(What you should do):
Wherever a picture appears in the listing, leave it out, and copy the rest exactly.

(Recorded information):

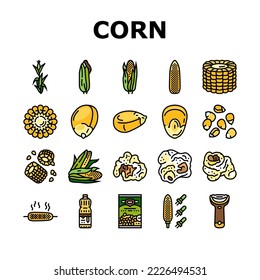 corn maize green, cob sweet icons set vector. farm grain, food plant, agriculture field yellow, leaf fresh, organic crop, summer corn maize green, cob sweet color line illustrations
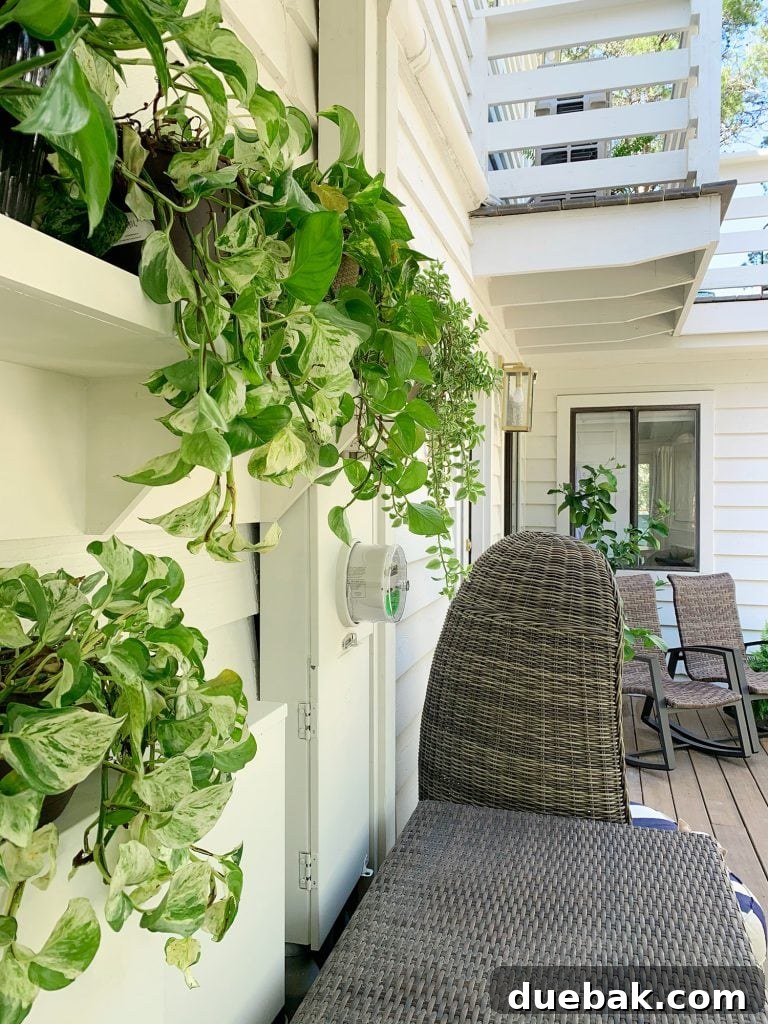 Side view of a tastefully designed plant shelf effectively concealing electrical boxes on a front porch
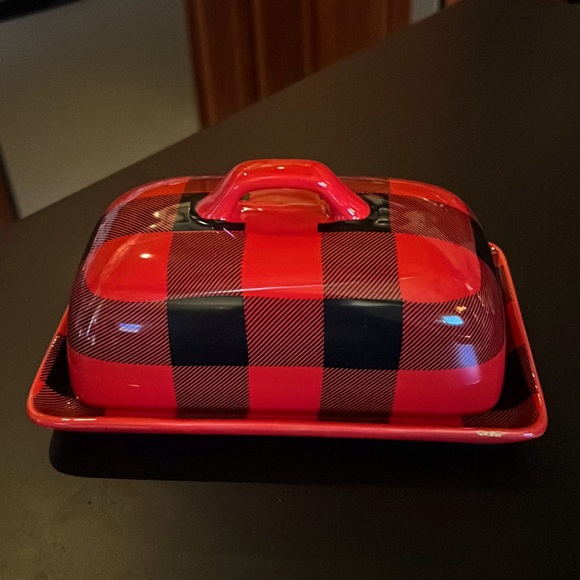LTD COMMODITIES Other - 🧈 GLOSSY RED & BLACK BUFFALO CHECK FARMHOUSE DOUBLE STICK BUTTER DISH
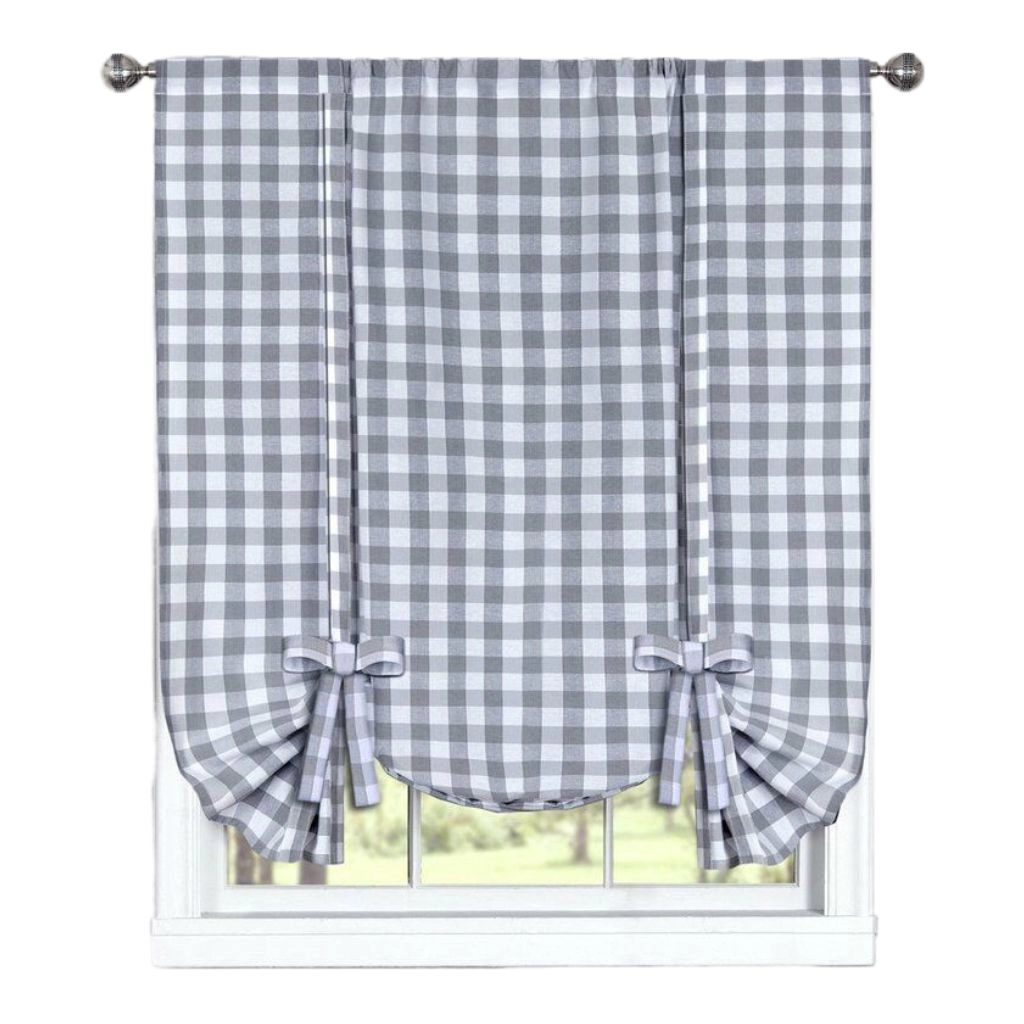 GoodGram Buffalo Check Plaid Gingham Tie Up Window Single Curtain Shade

(Problem solution):
 corn maize green, cob sweet icons set vector. farm grain, food plant, agriculture field yellow, leaf fresh, organic crop, summer corn maize green, cob sweet color line illustrations
 Side view of a tastefully designed plant shelf effectively concealing electrical boxes on a front porch
LTD COMMODITIES Other - 🧈 GLOSSY RED & BLACK BUFFALO CHECK FARMHOUSE DOUBLE STICK BUTTER DISH
 GoodGram Buffalo Check Plaid Gingham Tie Up Window Single Curtain Shade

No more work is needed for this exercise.